Rafael'in yüzünde bir gülümseme belirdi ve gözlerinde bir parıltı vardı. "Yok canım, duyduklarının hepsine inanma. O kadar kötü değiliz."

"Gerçekten çok farklı birisin, Aurora," dedi Leonardo, gözlerinde eğlenceli bir parıltıyla. "Ailemizin bir parçası olduğun için mutluyuz."

Odamın kapısına geldiğimizde, vedalaştılar. Alessandro benimle konuşurken, tonu soğuk ve küçümseyiciydi.

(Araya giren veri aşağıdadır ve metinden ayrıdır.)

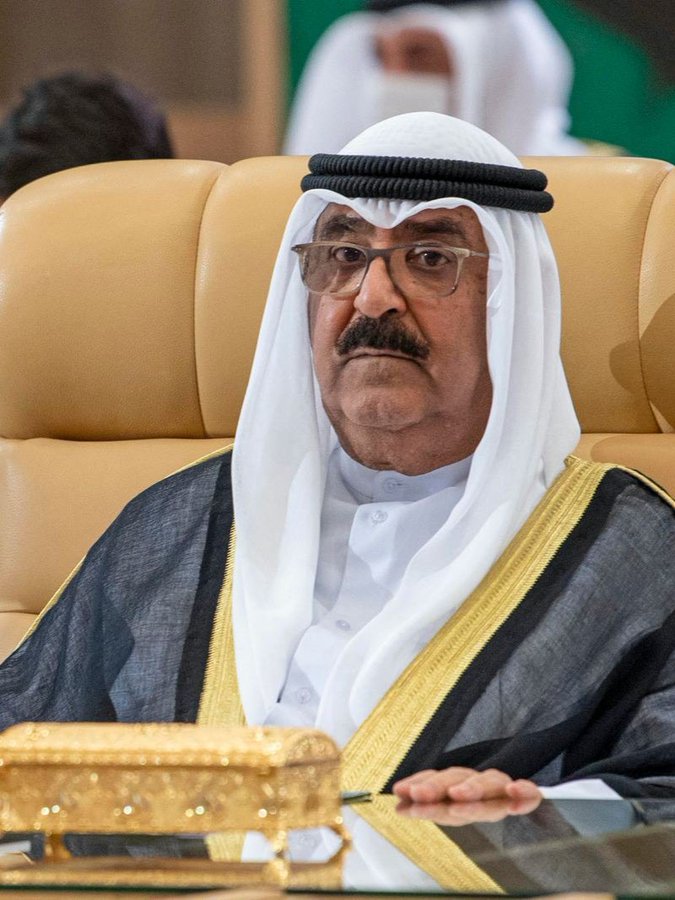 أمير ⁧‫#الكويت‬⁩: حل مجلس الأمة ووقف بعض مواد الدستور لمدة لا تزيد عن 4 سنوات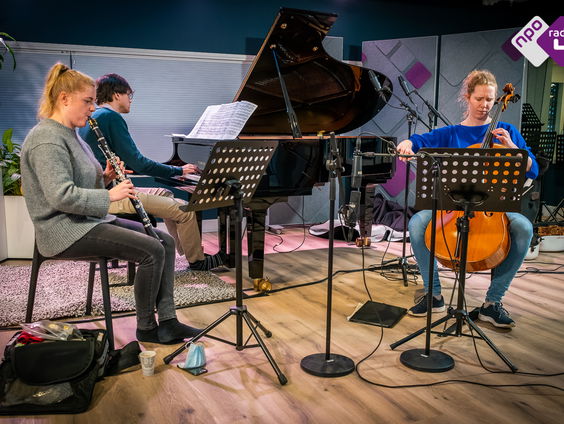 Live bij Dieuwertje: Chimaera Trio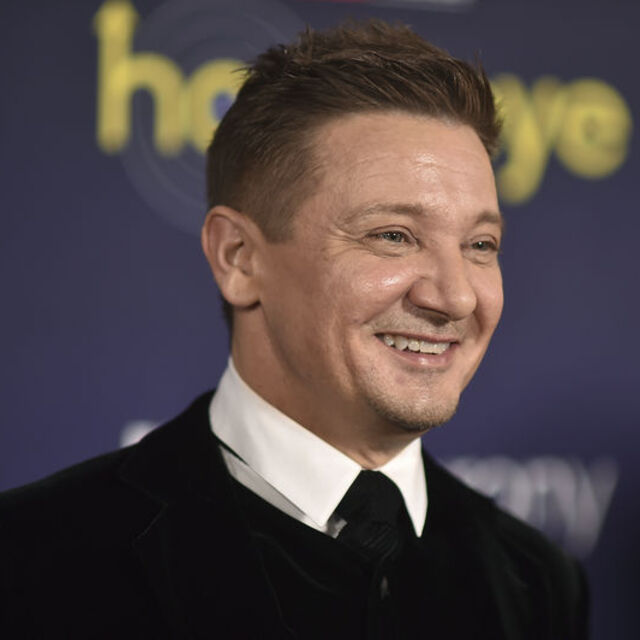 Ölümden dönen Jeremy Renner sinemaya geri dönüyor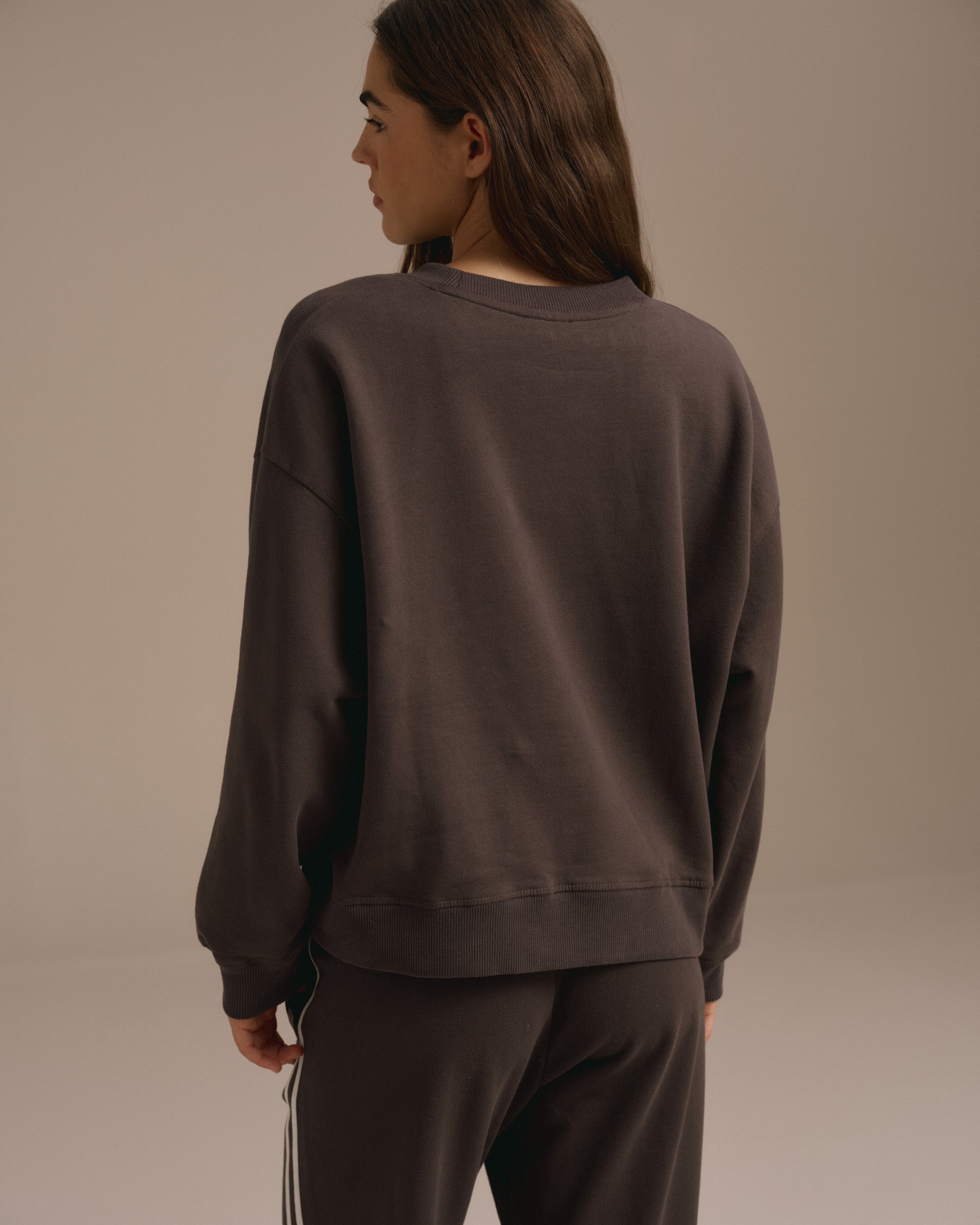 Varsity Loose Fit Sweatshirt - Washed Coffee Bean/Marshmallow White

"Daha fazla sorun çıkarmamaya bak, Aurora," diye uyardı.

Leonardo araya girmeye çalıştı, sesi nazik ama kararlıydı. "Yeter artık, Alessandro," diye uyardı, ama Alessandro etkilenmemişti. Bakışları sert ve kararlıydı. "Gerçeği söylüyorum sadece. Dikkatli olması lazım, ve sen de biliyorsun ki haklıyım."

Leonardo, Alessandro'ya daha da yaklaştı, sesi kararlıydı. "Alessandro, bırak bu konuyu. Aurora kendine bakabilir ve ona bu şekilde konuşmak senin işin değil. Artık o da aileden biri, hatırladın mı?"

Alessandro'nun çenesi sıkıldı, ama kısa bir baş sallamasıyla cevap verdi. Leonardo ona bir bakış attıktan sonra bana döndü. "Onu görmezden gel, Aurora. Sabah görüşürüz."

Bununla birlikte, Leonardo ve diğerleri koridorda geri döndü, beni odamın kapısında yalnız bıraktılar.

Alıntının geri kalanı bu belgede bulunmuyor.